These recent findings clearly show that acoustic signals and cues provide an alternative source of information to embryos, beyond endocrine and nutritional maternal effects. Whilst parents may exploit this information channel (as suggested in zebra finches by the intensification of heat-calling in late incubation compared to other breeding stages or roost nests: (Mariette et al., 2018; Mariette and Buchanan, 2019a), audition can potentially also allow embryos to by-pass parental control by collecting information directly from the environment. Acoustic eavesdropping, similarly to embryonic metabolism of maternal hormones (Groothuis et al., 2019), may therefore empower embryos to control their own developmental trajectory (Mariette et al., 2018). This challenges the traditional views of embryos as a passive agent during their development, and may lead to either parent-offspring conflict or cooperation, depending on the degree to which offspring's interests align with those of their parents.
Vocal Thermoregulation: Honest Signal of Embryonic Thermal Needs?
Sub-optimal incubation temperatures are known to delay hatching and increase embryonic mortality, but also have negative carry-over effects on nestling growth, immune functions and metabolism (Ardia et al., 2010; Nord and Nilsson, 2011; Martin et al., 2013). Therefore, whilst incubation is costly to the parent (Nord and Williams, 2015), it may pay to invest sufficiently in incubation to produce fast-growing nestlings. Accordingly, the majority of avian studies suggest that parents work at the maximum of their capacity during incubation (Chalfoun and Martin, 2007; Ardia et al., 2009; Nord and Williams, 2015; but see Bulla et al., 2014). On the other hand however, experimentally increased parental effort during incubation (by reducing nest temperature) negatively impacts the parents' subsequent investment in nestling provisioning, thereby impairing offspring growth (Ardia et al., 2010). Overall, therefore, because parents have to trade-off the energy they may save during incubation against the additional cost of raising low-efficiency nestlings, and offspring have to trade-off the level of care they receive before vs. after hatching, the optimal incubation temperature for parents and offspring may closely align (Evans et al., 1995). However, since the costs and benefits of parental incubation varies with nest temperature (e.g., Ardia et al., 2009, 2010), we may expect embryos to signal their thermal needs to the incubating parent. In a series of experiments in the 1990s, Evans showed that avian embryos do so using acoustic signals. In a number of precocial and altricial species, embryos increase calling rate when their temperature deviates from the optimal incubation temperature (Evans, 1990; Evans et al., 1995; Bugden and Evans, 1997) (Figure 1). Evans demonstrated that if parents respond to calls by resuming incubation, embryonic vocalisations can effectively maintain optimal incubation temperature (Evans, 1990; Evans et al., 1995). This likely represents a case of parent-offspring cooperation for optimal incubation investment.

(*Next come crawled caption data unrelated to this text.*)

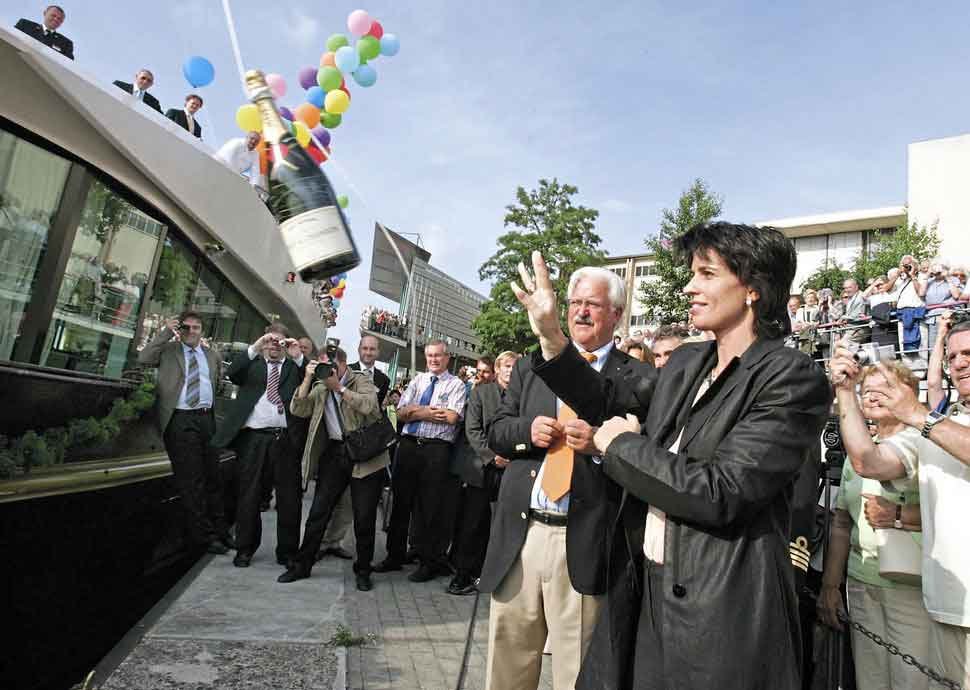 2006 tauft Bundesrätin Doris Leuthard die Excellence Rhône 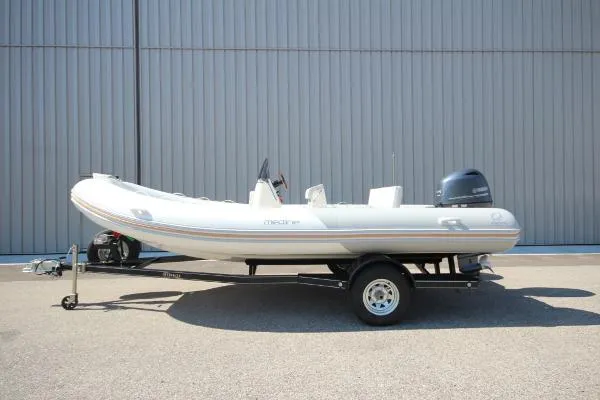 Slide: The Image of Zodiac Medline 580 NEO 115hp In Stock 2015 - 0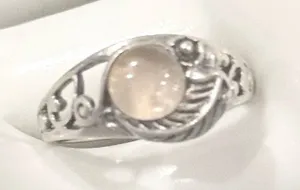Vintage Southwestern Sterling Silver Moonstone Ornate Feather Ring thumbnail 1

Acoustic Cooperation Between Siblings
Vocally Synchronised Hatching
Embryonic vibrations, clicks and calls have long been known to alter hatching time in order to synchronise hatching within clutches (Vince, 1964). In particular, early studies in birds and a more recent one in reptile have shown that late eggs accelerate hatching when exposed to calls or clicks from more developed siblings (Vince, 1964; Woolf et al., 1976; Schwagmeyer et al., 1991; Vergne and Mathevon, 2008) (Figure 1). Most strikingly, a recent study in yellow-legged gulls, where unmanipulated embryos were in physical contact with clutchmates independently exposed to alarm calls or silence, found that prenatal communication between siblings altered not only hatching time, but also a suite of behavioural and physiological traits (Noguera and Velando, 2019; see above). Whether vocally synchronised hatching represents a case of sibling cooperation may depend on the study system. On the one hand, late embryos are understood to accelerate hatching to avoid poor incubation conditions, and associated mortality risk, after hatching of the first eggs (Evans et al., 1995). Early embryos, on the other hand, likely benefit from synchronous hatching through a predation dilution effect, at least in precocial species (Vergne and Mathevon, 2008). However, by eroding the disparity in competitiveness between older and younger siblings, synchronous hatching, particularly in altricial species, increases sibling competition over food, to the detriment of older siblings, and the benefit of the younger ones (Roulin and Dreiss, 2012). Overall therefore, embryos in precocial species may cooperate to synchronise hatching, whereas in altricial species, synchronous hatching may be mostly driven by the benefits to the younger siblings.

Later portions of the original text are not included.